13.2. For this purpose, by downloading the ForgTin® app and activating it, the customer agrees that his user and history data are transmitted in anonymised form to pansatori GmbH and may be stored and used for research and further development purposes (e.g. medical studies and evaluations). Any use by us for other purposes is not permitted. The customer is entitled to revoke his consent at any time. The collected data is stored in an anonymised form in a Google database in Europe. When the ForgTin® app is used for the first time, the legal warranty period for the product ForgTin® is automatically extended by another year when the ForgTin® app is used for the first time.
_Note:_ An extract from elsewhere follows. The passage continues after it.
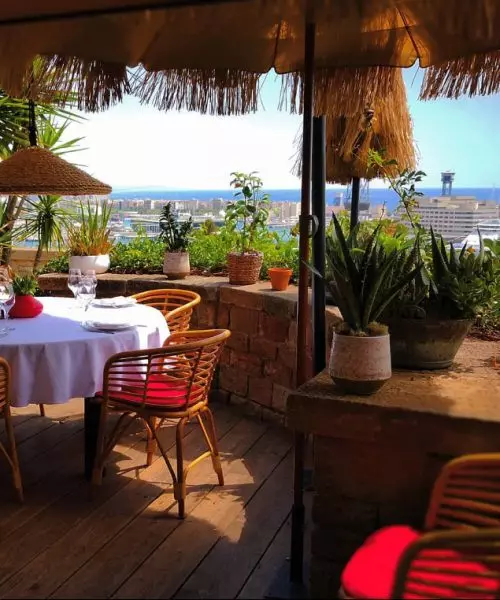 Terraza Martínez cena con vistas en Barcelona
14. Jurisdiction and applicable law
14.1. Austrian law shall apply, excluding the reference standards.
14.2. The UN Sales Convention is excluded.
14.3. The place of performance is the registered office of the company in 5280 Braunau am Inn.
14.4. The place of jurisdiction according to Art. 23 EugVVO and § 88 JN for all disputes arising from the contractual relationship or future contracts between us and the entrepreneurial customer is the local competent court for our registered office in 5280 Braunau am Inn. The place of jurisdiction for consumers according to Article 23 EuGVVO, if the latter is domiciled in Germany, is the court in whose district the consumer has his habitual residence at the time of conclusion of the contract.
pansatori GmbH is also entitled to sue at the general place of jurisdiction of the purchaser.
14.5. The application of the UN Sales Convention is excluded. The contract language is German.
15. Severability Clause
15.1. Should individual provisions of these General Terms and Conditions be invalid in whole or in part or become invalid due to statutory provisions, the validity of the remaining provisions shall not be affected. Invalid provisions shall be replaced by effective provisions which best correspond to the original intended purpose.